In the past month or so I’m struggling to configure a proper transparent SSL/TLS architecture for my DC/OS cluster. The purpose is to achieve TLS communication internally and also when trying to reach another cluster in our network/organisation. It works something like this:
We have two Linkerd - “internal” and “external”:
- Internal Linkerd sits on every agent in a cluster and acts as a proxy. Every request any service is trying to make is entering Linkerd via the incoming port 3128 and continues via the outgoing port 3126. We have a dtab configuration that “intercepts” every outgoing request with the help of a fs-namer and sends it to the “public” or “external Linkerd”. The dtab is built to recognise whether a request needs to stay in the cluster or reach another one, “behind” the external Linkerd. If the request is meant for another cluster, it’s being sent there after the fs-namer is activated.
- External Linkerd sits “in the middle” of the request path and acts as a “gateway” to and from each cluster to another. Every external Linkerd instance has a single IP address. As I said, it has only one router configured to listen on port 3126. The fs-namer in the internal Linkerd sends every request to this IP:3126 (notice the configuration is static for now). In the external Linkerd’s configuration, the router uses a port transformer to change the destination port of every outgoing request to port 3126 - which, as you’ve may noticed, is also the outgoing port of internal Linkerd. That’s because external Linkerd uses Marathon namer as well as the internal, and the port it will get after binding is just a dynamic Marathon port - but we need it to continue to the static Linkerd port on the other end.
So every request trying to leave a cluster transforms via the fs-namer to reach the external Linkerd (if needed). Before it continues to the destination service in the second cluster, external Linkerd transforms the request’s port again so it could reach the Linekrd proxy on the destination cluster and agent as well.
Fs-namer is just a static IP:PORT file with the addresses of external Linkerd (port 3126).
So everything works but the problem is the availability of this architecture since we have two main concerns.
First: certificate update.

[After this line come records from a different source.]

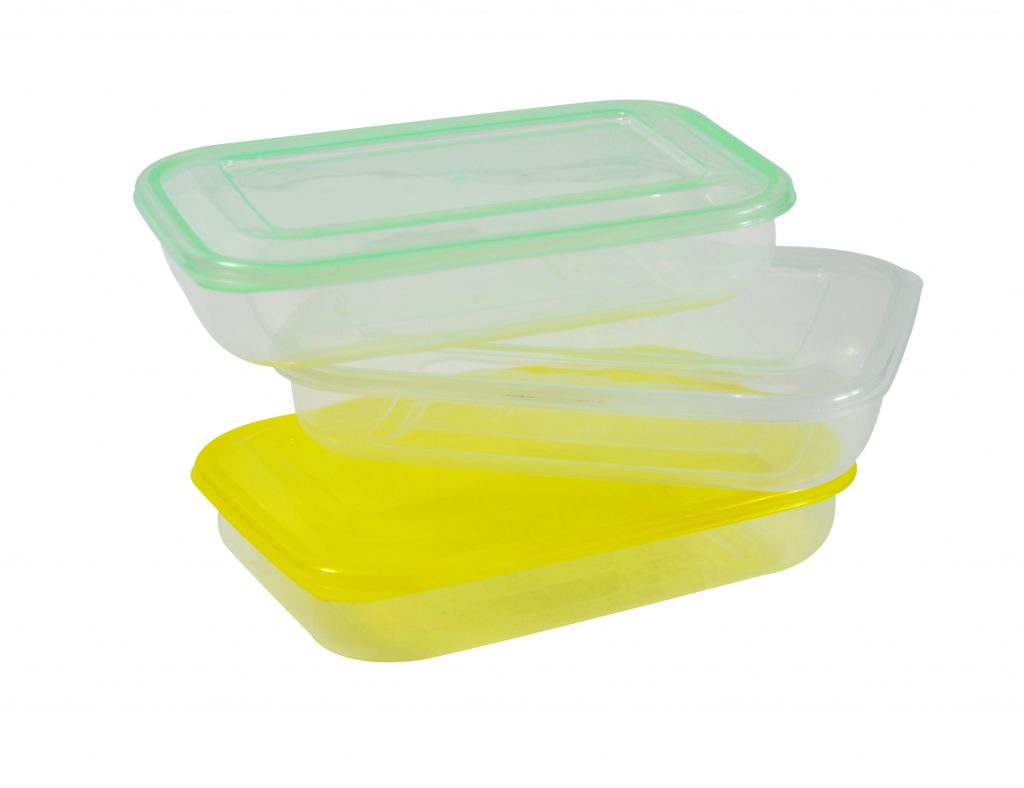 Plastic Transparent Food Containers Set 3 pcs - KaroutExpress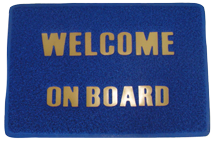 Fussmatte 'Welcome On Board, Abm. 600x350mm, Pvc - 015305 72dpi - 9015305
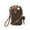 Coffee/Brown, variant on Poppy Faux Leather Womens Crossbody Shoulder Bag Cell Phone Purse Wallet Credit Card Slots Holder Clutch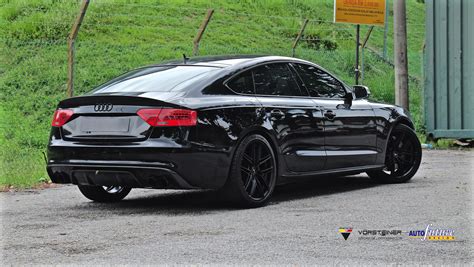 Darker Than Black: Audi S5 on a set of Vorsteiner V-FF 112 Wheels ...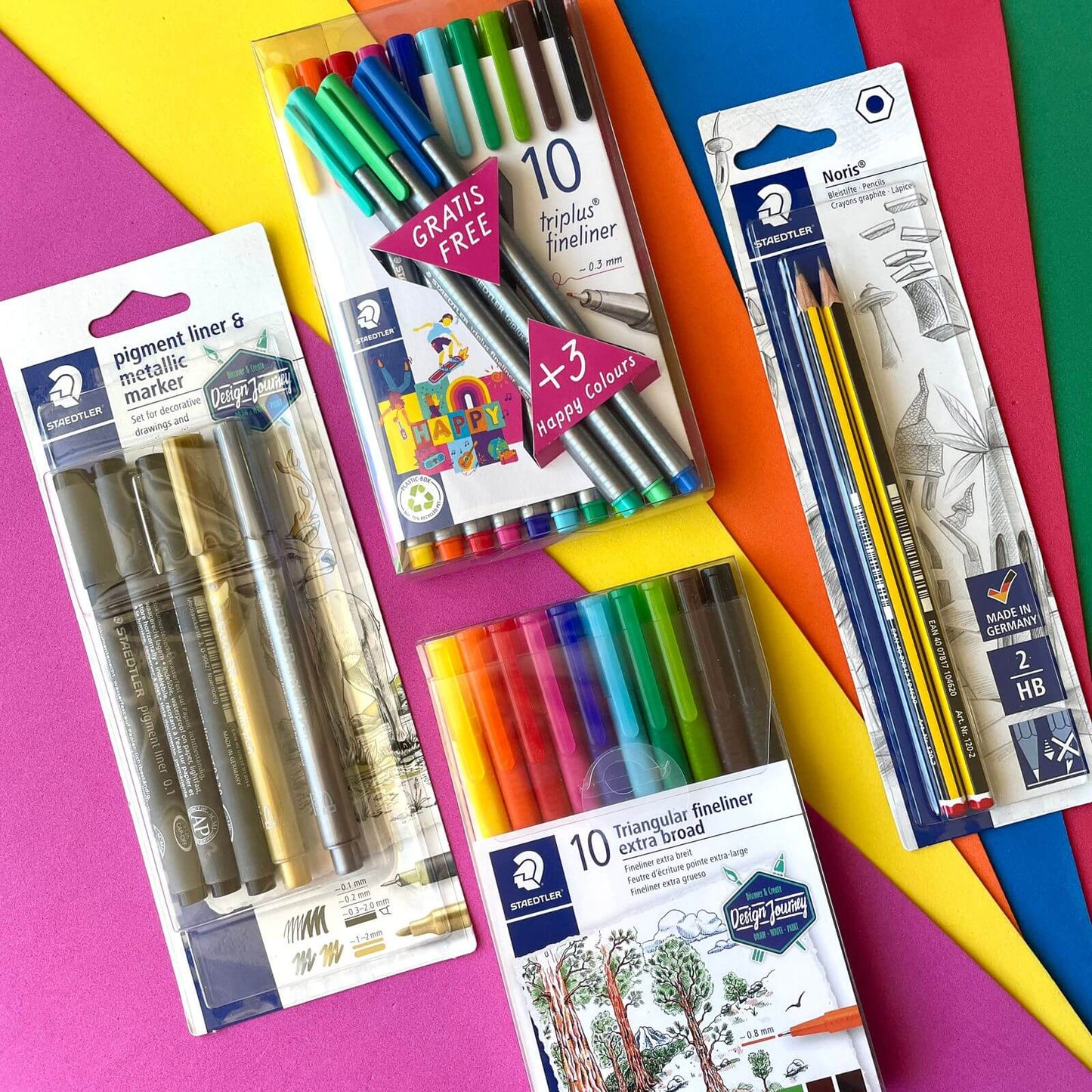 Kit Staedtler - Papelaria Unicórnio - 50% OFF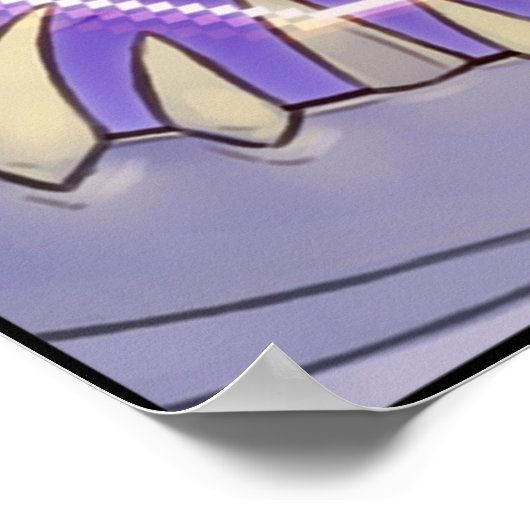 Deltarune - Jbad Graphic Poster (Hoek)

I understand we can just inject a new certificate to every running instance/container of Linkerd and it’s supposed to be able to update those certificates online, on the go, with no downtime. I’ve just wondered if there’s maybe a way to use a single location for certificates, like a S3 bucket that all the instances will download the certificate from.
Second: upgrade policies / strategies. If I understand correctly, both Linkerd internal and external are listening on static host ports. If I want to restart or upgrade Linkerd service, an instance has to be down/killed on an agent before a new instance can grab the port on the same agent. Otherwise, a new instance couldn’t be loaded since the port is already in use by the old version of Linkerd. It’s a conflict. From tests I’ve made, when I do a rolling restart (meaning killing every instance of Linkerd one by one) I have about 1%-2% of failed requests (meaning: requests that weren’t able to reach the destination agent). The tests I’ve made are rigorous of course: I’ve deployed two services on 8 agents (4 and 4) and also 8 internal Linkerd proxies. Those 2 services can reach each other with zero failures only if all 8 Linkerd instances are up. In a production environment, every service has
X instances that are spread over the cluster, and Linkerd (proxy) has the same amount of instances as the number of agents in the cluster. So of course that a rolling update of Linkerd shouldn’t harm that much of requests - but it’s still concerning.
Thank you for your help.